I'm in a rush, so will add more to this later if I think of additional comments. Thanks for the added info. She sounds very much like my pup (who recently turned two). It's a challenging type of personality to deal with, since you have to stay calm through it all, and encourage other people to do the same. (And then deal with all the "hyper" comments - ugh! )

I taught my boy lots of commands, tricks, whatever and I use them to get and keep his focus when I need to. It really helps to get him settled, and once he's had a moment to get his bearings and get used to whatever it is that's gotten him going, he calms down quickly. High-value treats are a must; I always keep some in my pockets when we're out and about. I also keep him at a reasonable distance from the exciting thing/dog/person - however far is necessary in order to be able to get and keep his attention - in order to keep him under threshhold. 

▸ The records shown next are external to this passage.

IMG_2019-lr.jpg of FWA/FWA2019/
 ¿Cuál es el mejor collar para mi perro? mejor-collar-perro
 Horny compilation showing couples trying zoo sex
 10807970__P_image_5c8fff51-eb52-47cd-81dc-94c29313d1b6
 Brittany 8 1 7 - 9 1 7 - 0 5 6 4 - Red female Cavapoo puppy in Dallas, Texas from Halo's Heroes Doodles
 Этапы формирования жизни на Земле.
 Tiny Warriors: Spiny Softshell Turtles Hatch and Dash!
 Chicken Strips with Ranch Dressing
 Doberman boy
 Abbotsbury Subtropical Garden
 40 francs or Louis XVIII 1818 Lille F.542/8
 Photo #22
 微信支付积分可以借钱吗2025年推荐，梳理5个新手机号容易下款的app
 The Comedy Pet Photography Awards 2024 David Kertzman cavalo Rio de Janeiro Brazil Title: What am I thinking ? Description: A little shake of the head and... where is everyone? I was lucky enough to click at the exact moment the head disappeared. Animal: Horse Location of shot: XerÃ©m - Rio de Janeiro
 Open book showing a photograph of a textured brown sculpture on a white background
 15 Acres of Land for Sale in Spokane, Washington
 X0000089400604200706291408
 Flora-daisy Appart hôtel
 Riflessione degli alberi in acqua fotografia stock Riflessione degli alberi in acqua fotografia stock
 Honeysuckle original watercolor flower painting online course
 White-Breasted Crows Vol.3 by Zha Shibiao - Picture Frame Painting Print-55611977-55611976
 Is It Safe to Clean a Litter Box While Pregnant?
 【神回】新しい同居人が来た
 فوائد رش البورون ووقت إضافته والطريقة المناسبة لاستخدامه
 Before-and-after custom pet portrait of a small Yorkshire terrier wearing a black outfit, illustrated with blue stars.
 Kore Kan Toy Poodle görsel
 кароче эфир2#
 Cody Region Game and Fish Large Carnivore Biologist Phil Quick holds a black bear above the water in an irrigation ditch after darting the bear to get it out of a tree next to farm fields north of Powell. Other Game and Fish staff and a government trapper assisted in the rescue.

You mentioned that Brinkley knows lots of commands, so this should work for you as well. The other thing that really makes a difference is stopping people from getting too close at first - just hold out your hand and ask them to wait - so you can explain that you're training her, and how you'd like them to proceed. I taught my dog not to jump on people by using this method; I just asked people to wait until he'd settled down enough to sit politely, and to only pay attention to him when he was reasonably calm. If he jumped up or otherwise started getting too excited, they were to either back off, or turn their backs with their arms crossed and wait until I told them they could approach again. He only got attention when he was calm (or at least somewhat calm, lol), and this taught him to settle down quicker. 

Not everyone has time for this, so I'd always ask if they had a couple of minutes, and if not, I'd just say maybe we could try some other time. (These were people who were interested in petting him anyway, of course.) 

The most important thing is to not compare your dog to other dogs you see around. They are all different, and it's best if you can just appreciate the special qualities your own dog has. While my boy may be crazy at times, he's been the quickest to learn, and has by far the most drive of any of my dogs so far.


----------



## Jessie'sGirl (Aug 30, 2010)

Brinkley sounds fine to me. Seems like she's got lots of spirit but can keep it mostly under control. I wouldn't worry.


----------



## BrinkleyMom (Feb 8, 2013)

Thanks for all of the wonderful comments! I have always thought she was normal but seeing a golden with a completely opposite disposition just made me wonder! 
We just went on a walk during which we delivered something to a neighbors house and she sat perfectly on the porch while we chatted. So at least she's got it down sometimes! 
I do think that the way people approach her can get her more hyped up! I mean, who wouldn't be excited to pet her? She's ADORABLE! =)


----------